The late celebrated American culture icon Lou Reed, who died on Sunday, liked to keep language short and simple. That meant song lyrics, melodies and photography. He died age 71 from liver failure in Southampton, New York.
Brooklyn-born, with middle class parents, he hated school, learned guitar from the radio, studied journalism, film and writing at university, and started a band. It was the sixties. Pop artist Andy Warhol [died 1987] managed The Velvet Underground.
Reed said: “Everything I do is from the outside and if it hadn’t been for Andy who knows whether we would’ve had a chance to do everything.

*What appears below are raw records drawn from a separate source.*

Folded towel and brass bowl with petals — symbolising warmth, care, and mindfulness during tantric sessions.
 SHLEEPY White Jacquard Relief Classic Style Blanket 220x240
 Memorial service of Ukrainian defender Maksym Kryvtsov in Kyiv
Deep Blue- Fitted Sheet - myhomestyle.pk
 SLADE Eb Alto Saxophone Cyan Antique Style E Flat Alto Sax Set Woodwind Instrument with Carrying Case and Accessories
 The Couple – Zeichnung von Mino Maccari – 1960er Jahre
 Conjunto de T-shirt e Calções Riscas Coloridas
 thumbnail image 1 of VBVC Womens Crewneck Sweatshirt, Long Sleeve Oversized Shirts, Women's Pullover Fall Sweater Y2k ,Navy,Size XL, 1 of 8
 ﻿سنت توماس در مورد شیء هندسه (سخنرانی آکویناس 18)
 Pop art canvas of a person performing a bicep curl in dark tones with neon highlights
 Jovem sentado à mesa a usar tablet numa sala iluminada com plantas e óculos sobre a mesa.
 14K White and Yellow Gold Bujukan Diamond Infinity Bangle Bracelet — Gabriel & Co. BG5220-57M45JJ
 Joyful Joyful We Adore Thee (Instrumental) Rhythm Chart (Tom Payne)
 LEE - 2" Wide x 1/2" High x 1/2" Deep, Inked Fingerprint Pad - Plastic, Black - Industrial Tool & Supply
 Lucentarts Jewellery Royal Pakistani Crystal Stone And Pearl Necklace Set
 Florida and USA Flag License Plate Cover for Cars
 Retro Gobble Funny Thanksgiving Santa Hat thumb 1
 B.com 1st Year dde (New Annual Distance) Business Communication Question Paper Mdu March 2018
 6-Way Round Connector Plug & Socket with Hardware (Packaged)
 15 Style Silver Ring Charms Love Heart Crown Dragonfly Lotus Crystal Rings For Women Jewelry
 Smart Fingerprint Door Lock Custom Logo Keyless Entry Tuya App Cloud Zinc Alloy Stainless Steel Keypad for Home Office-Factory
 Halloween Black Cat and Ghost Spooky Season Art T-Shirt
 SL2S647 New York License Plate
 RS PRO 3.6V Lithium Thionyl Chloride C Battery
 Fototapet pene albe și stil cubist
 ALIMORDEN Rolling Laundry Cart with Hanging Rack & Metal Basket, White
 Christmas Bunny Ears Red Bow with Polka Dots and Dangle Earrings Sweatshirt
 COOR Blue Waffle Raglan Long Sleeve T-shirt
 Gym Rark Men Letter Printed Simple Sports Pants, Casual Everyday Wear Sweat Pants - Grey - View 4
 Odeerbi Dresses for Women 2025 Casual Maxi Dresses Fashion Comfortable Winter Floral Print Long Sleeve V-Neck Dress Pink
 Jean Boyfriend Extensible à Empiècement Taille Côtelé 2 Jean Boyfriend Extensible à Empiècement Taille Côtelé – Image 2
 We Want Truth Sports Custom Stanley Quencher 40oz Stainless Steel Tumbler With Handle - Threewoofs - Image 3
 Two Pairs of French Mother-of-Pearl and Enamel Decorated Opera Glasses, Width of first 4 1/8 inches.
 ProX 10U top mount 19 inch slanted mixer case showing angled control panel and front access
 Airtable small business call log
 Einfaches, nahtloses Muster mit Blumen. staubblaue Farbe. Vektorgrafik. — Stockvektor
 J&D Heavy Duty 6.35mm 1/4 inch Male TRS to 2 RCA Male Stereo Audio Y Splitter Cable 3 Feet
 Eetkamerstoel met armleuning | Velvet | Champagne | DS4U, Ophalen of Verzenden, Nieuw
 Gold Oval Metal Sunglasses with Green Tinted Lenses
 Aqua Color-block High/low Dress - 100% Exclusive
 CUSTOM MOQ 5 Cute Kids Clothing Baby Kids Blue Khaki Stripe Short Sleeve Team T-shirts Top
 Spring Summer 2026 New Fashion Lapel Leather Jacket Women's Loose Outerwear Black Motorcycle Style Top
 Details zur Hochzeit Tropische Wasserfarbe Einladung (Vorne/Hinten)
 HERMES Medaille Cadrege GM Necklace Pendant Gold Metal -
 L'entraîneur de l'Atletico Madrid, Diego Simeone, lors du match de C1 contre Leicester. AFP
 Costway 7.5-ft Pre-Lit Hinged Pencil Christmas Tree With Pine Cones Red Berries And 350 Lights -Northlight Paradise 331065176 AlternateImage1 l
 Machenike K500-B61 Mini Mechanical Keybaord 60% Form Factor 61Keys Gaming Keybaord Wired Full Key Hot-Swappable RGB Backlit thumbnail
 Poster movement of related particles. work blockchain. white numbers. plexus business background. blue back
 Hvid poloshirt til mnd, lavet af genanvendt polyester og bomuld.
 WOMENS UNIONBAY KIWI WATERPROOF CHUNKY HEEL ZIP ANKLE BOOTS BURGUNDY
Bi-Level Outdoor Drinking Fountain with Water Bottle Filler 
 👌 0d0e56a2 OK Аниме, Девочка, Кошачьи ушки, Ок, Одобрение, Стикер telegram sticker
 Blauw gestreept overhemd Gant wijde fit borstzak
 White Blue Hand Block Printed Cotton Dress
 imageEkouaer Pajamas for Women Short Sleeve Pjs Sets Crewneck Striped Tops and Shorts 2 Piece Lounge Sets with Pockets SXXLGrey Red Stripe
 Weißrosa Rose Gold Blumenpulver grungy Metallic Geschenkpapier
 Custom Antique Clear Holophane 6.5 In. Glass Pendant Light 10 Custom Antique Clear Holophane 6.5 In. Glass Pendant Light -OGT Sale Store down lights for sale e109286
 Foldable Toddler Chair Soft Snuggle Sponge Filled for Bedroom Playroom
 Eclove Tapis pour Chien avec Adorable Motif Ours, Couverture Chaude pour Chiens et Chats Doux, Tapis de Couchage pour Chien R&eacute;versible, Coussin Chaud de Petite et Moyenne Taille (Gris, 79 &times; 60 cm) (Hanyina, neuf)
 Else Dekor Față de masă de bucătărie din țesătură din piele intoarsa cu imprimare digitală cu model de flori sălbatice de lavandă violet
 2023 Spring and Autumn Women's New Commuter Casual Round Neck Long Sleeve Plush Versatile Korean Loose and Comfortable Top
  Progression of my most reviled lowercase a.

So, I think I owe everything to Mr Warhol, thanks. “
Commercially, the early band failed, but culturally, their debut album had huge influence. The Velvet Underground only made three more after that.
Reed’s second solo album was Transformer, in 1972. Twenty-five-year-old David Bowie produced it. The misfit-hustler anthem “Walk on the Wild Side” was a cult hit from that which never wore out.
“I get personal satisfaction out of making things that don’t exist. I follow a passion,” Reed said decades later.
That ‘passion’ was famously low-key. Reed was counter-culture ‘uber-cool’. His work did drugs, sexuality, love, death.
New York street punk went visual, too.
“I have always been taking photos and then I met somebody, he said why don’t you put them together, as so we did.”
Photography happened a lot on tour. He got more into it starting in the ’70s.
The bisexual Reed married three times, the last with experimental performance artist Laurie Anderson.
Later in life he finally reined in his substance abuse.
Those who love Reed, the musician-poet, call him many things, even a romantic.
Earlier this year, he was still preaching his faith: “There’s only one great occupation that can change the world: that’s real rock ‘n’ roll. I believe to the bottom of my heart – to the last cell – that rock ‘n’ roll can change anything; and I’m a graduate of Warhol University! And I believe in the power of punk! To this day, I want to blow it up! Thank you!”